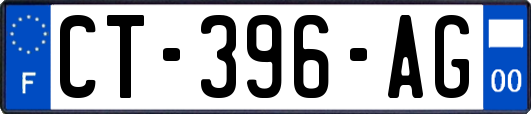 CT-396-AG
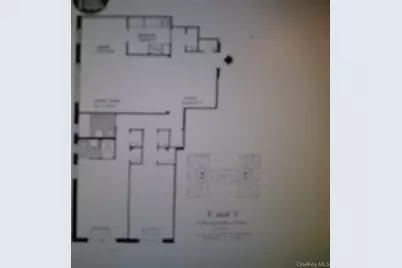 2 Sadore Lane #7-T, Yonkers, NY 10710 - Photo 29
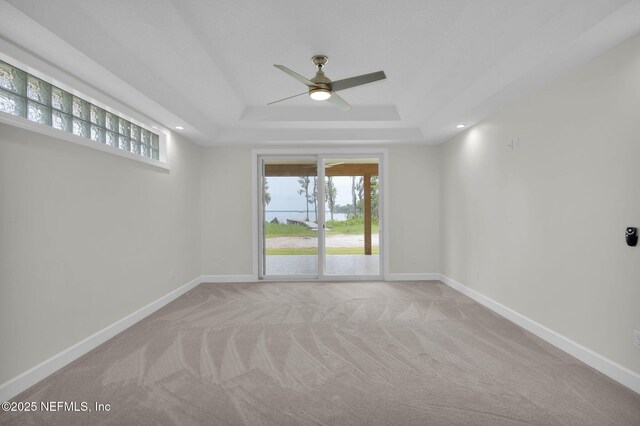159 Mays Cove Rd, East Palatka, FL 32131 - photo 29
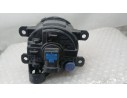 Recambio de faro antiniebla izquierdo para peugeot 308 ii (lb_, lp_, lw_, lh_, l3_) 1.2 thp 110 referencia OEM IAM 89207189 VALE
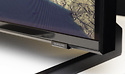 Samsung 75Q950R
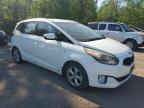 2014 KIA RONDO    for sale at Copart ON - COOKSTOWN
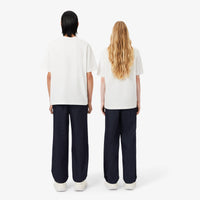Pantalon de survêtement - Dark Indigo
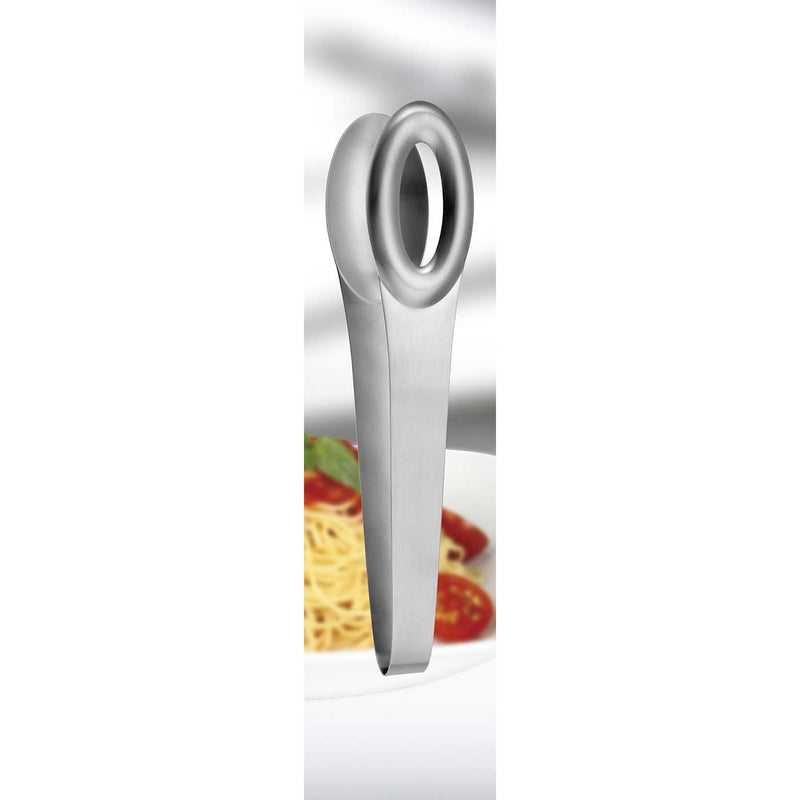 PUR - 3010170 - PureSigns 'Universalzange ONE Extra, matt'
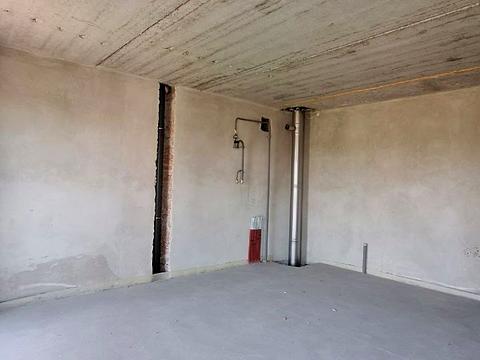 квартира по адресу Тараса Шевченка ул., 6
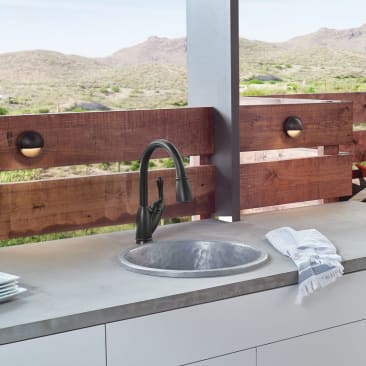 ST-1025 5K SN Image 1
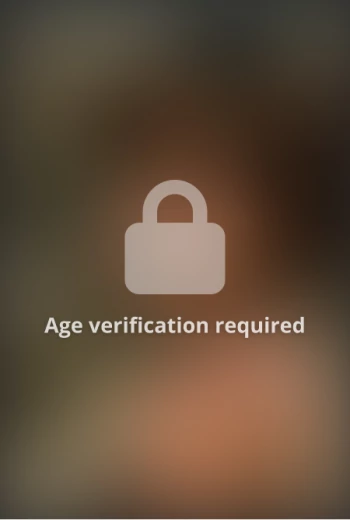 قناة Beth Bennett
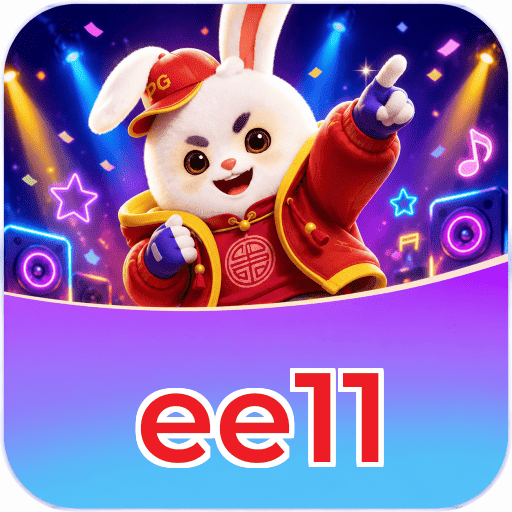 ee11 Licenciado Curaçao - Segurança SSL 256-bit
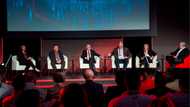 Mind Over Metal: A Turning Point in South Africa’s Automotive Retail Industry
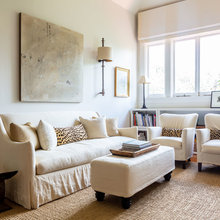 Livingroom inspiration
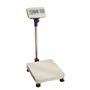 CCi SD931 Bench / Platform Scales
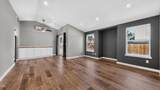 2939 Reindeer Avenue - Photo 22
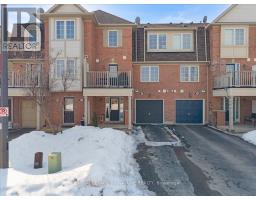 934 AMBROISE CRESCENT, Milton, Ontario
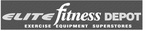 ELITE FITNESS DEPOT EXERCISE EQUIPMENT SUPERSTORES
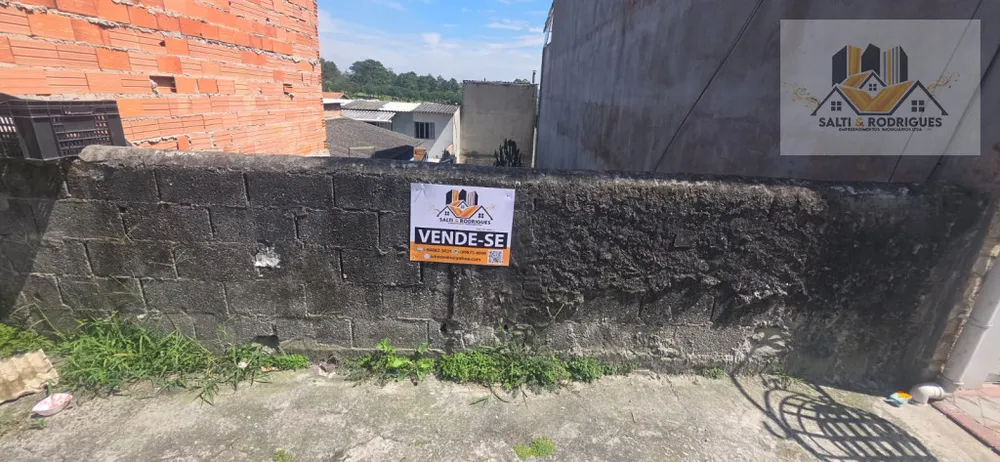 Terreno, 125 m² - Foto 7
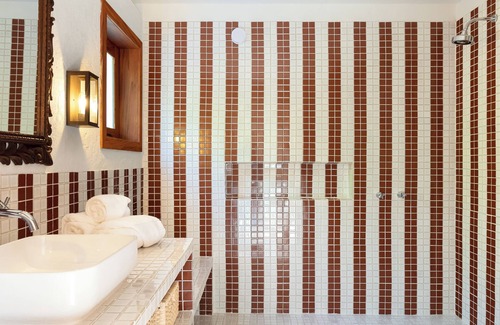Jacarei Other | Fazenda Casa Grande: Tranquility, Nature and Fun for Family and Friends,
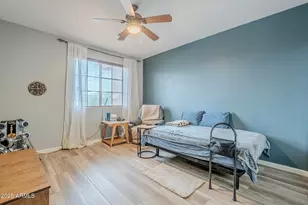 44022 N 43rd Dr, Anthem, AZ 85087 - Photo 32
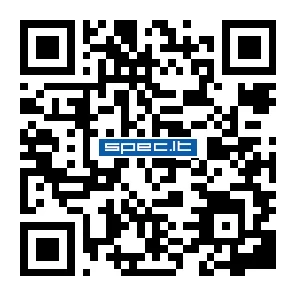 QR kodas | Magnum Veterinarija, UAB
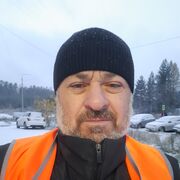  ,   , 57 ,   ,   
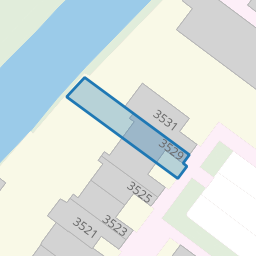 Perceel ZEI00-N-3538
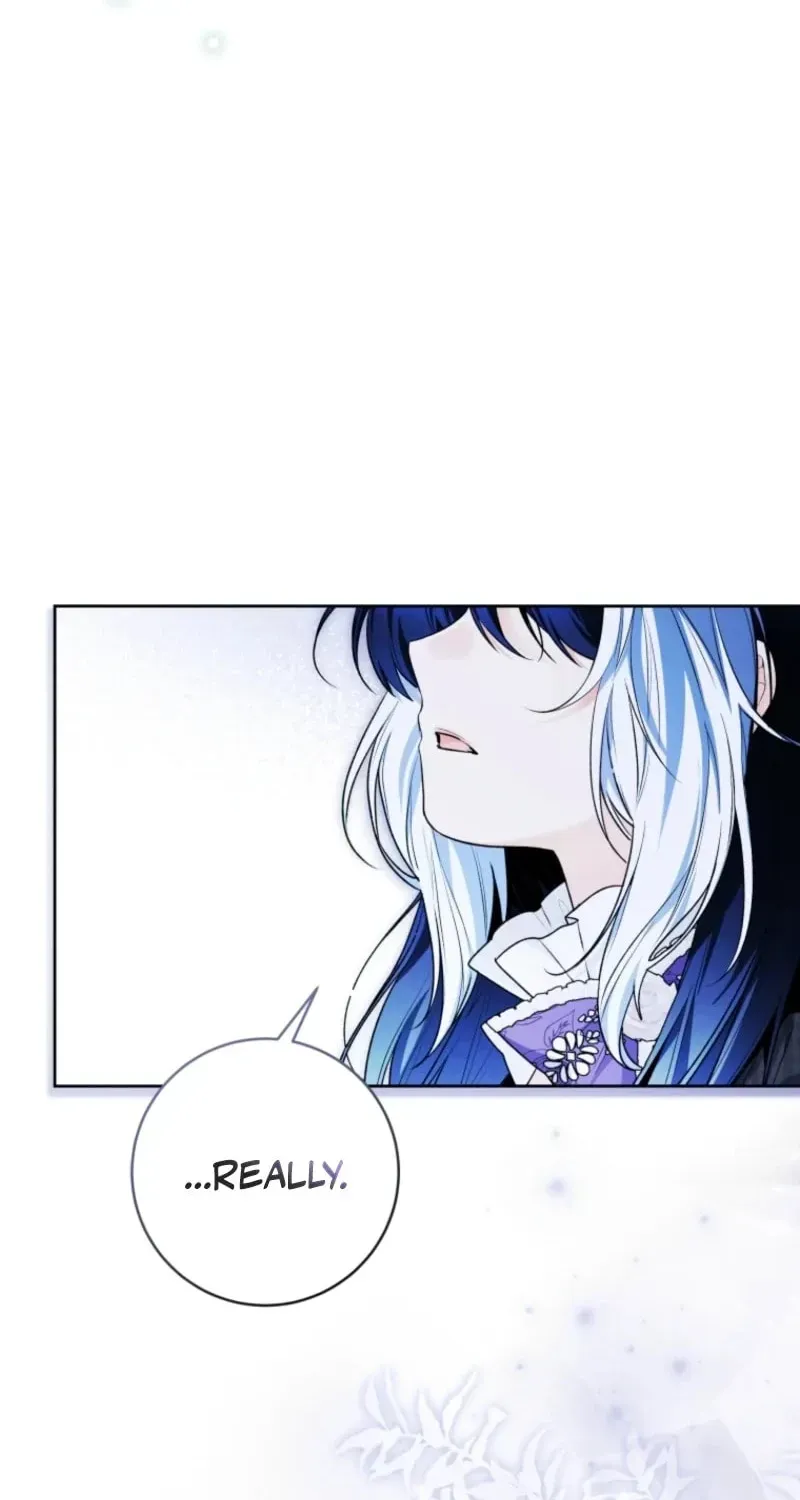 'Cause Calypso Can Chapter 99 page 26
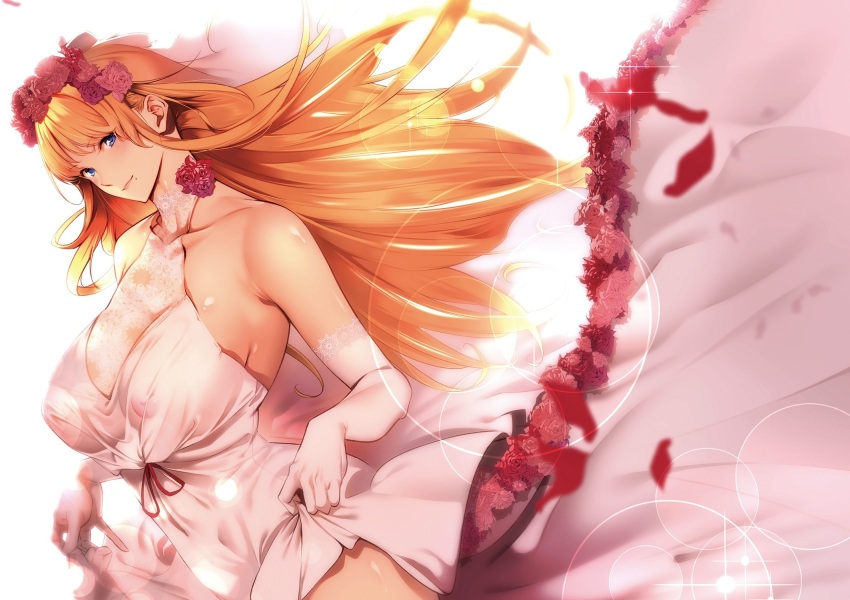 Mira 椿原ミラ | Masterpiece, score_9, score_8_up, score_7_up, source_anime, fwmira,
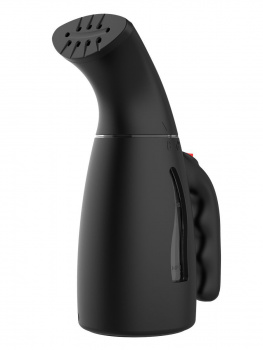 Отпариватель Vixter GSH-1200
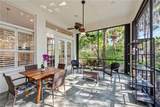 8599 Pepper Tree Way - Photo 23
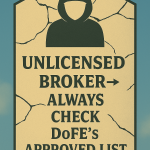 624d17cd-8798-457e-8186-09767be9f276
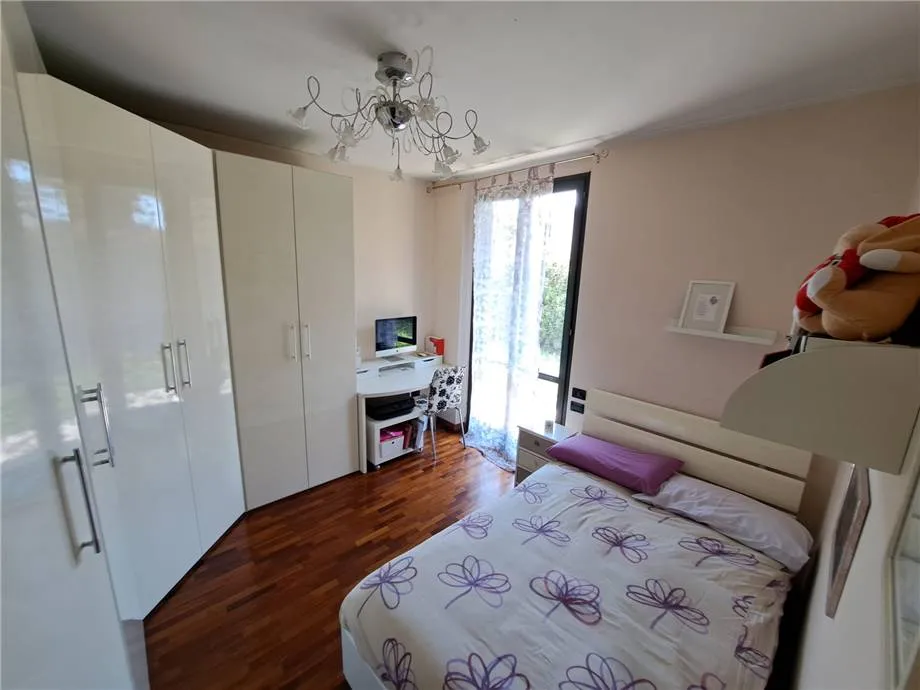 Appartamento in vendita a Villongo - foto 6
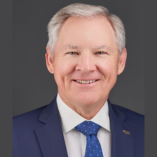 President of BancFirst Lawton to Deliver 2024 Commencement Address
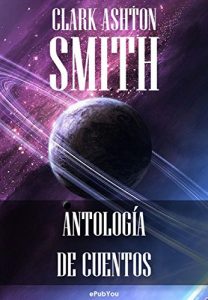 Descargar Antología de cuentos pdf, epub, ebook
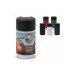 Mug isotherme Flow 250ml cadeau d’entreprise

§ Work to complete:
Transcribe the listing verbatim, pictures excluded.

§ Solution below:
 CT-396-AG
 2 Sadore Lane #7-T, Yonkers, NY 10710 - Photo 29
159 Mays Cove Rd, East Palatka, FL 32131 - photo 29
 Recambio de faro antiniebla izquierdo para peugeot 308 ii (lb_, lp_, lw_, lh_, l3_) 1.2 thp 110 referencia OEM IAM 89207189 VALE
 Samsung 75Q950R
 2014 KIA RONDO    for sale at Copart ON - COOKSTOWN
Pantalon de survêtement - Dark Indigo
 PUR - 3010170 - PureSigns 'Universalzange ONE Extra, matt'
 квартира по адресу Тараса Шевченка ул., 6
 ST-1025 5K SN Image 1
 قناة Beth Bennett
 ee11 Licenciado Curaçao - Segurança SSL 256-bit
 Mind Over Metal: A Turning Point in South Africa’s Automotive Retail Industry
 Livingroom inspiration
 CCi SD931 Bench / Platform Scales
 2939 Reindeer Avenue - Photo 22
 934 AMBROISE CRESCENT, Milton, Ontario
 ELITE FITNESS DEPOT EXERCISE EQUIPMENT SUPERSTORES
 Terreno, 125 m² - Foto 7
Jacarei Other | Fazenda Casa Grande: Tranquility, Nature and Fun for Family and Friends,
 44022 N 43rd Dr, Anthem, AZ 85087 - Photo 32
 QR kodas | Magnum Veterinarija, UAB
  ,   , 57 ,   ,   
 Perceel ZEI00-N-3538
 'Cause Calypso Can Chapter 99 page 26
 Mira 椿原ミラ | Masterpiece, score_9, score_8_up, score_7_up, source_anime, fwmira,
 Отпариватель Vixter GSH-1200
 8599 Pepper Tree Way - Photo 23
 624d17cd-8798-457e-8186-09767be9f276
 Appartamento in vendita a Villongo - foto 6
 President of BancFirst Lawton to Deliver 2024 Commencement Address
 Descargar Antología de cuentos pdf, epub, ebook
 Mug isotherme Flow 250ml cadeau d’entreprise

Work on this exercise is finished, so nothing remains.